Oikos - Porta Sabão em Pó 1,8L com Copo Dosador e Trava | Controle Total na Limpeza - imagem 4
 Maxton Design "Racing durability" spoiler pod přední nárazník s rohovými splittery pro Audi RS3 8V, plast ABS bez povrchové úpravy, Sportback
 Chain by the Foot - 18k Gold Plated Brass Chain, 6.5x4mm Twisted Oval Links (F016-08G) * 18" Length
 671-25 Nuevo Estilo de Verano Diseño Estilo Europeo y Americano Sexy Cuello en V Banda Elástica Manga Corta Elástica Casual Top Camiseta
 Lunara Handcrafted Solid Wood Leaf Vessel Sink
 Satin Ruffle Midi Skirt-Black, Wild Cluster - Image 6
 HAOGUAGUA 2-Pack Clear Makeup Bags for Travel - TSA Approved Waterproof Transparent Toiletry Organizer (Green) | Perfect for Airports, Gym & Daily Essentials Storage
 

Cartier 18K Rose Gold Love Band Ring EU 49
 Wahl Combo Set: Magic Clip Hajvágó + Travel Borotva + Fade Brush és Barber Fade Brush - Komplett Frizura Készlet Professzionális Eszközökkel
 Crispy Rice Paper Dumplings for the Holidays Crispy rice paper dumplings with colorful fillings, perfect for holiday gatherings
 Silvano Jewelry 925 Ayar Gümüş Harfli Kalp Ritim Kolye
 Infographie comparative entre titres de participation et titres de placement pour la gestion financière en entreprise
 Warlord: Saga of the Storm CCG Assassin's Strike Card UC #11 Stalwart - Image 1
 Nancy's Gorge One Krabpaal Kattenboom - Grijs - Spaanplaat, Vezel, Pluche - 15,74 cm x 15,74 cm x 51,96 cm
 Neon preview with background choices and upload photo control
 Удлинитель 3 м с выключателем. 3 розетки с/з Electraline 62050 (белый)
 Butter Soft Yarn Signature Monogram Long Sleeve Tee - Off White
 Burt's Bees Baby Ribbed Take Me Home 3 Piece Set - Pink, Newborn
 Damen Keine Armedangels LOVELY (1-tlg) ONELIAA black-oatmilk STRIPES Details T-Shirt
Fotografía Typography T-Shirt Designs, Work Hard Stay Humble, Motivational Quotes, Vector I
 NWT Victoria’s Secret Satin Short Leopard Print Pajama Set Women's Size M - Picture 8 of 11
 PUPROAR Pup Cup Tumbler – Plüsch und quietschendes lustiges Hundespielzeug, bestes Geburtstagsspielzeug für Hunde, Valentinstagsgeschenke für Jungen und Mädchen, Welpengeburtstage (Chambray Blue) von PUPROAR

***

Among the records above, only the lines between the line holding "Infographie comparative entre" and the line holding "Neon preview with", inclusive, are to be output, exactly as written.

**Expected answer:**
 Infographie comparative entre titres de participation et titres de placement pour la gestion financière en entreprise
 Warlord: Saga of the Storm CCG Assassin's Strike Card UC #11 Stalwart - Image 1
 Nancy's Gorge One Krabpaal Kattenboom - Grijs - Spaanplaat, Vezel, Pluche - 15,74 cm x 15,74 cm x 51,96 cm
 Neon preview with background choices and upload photo control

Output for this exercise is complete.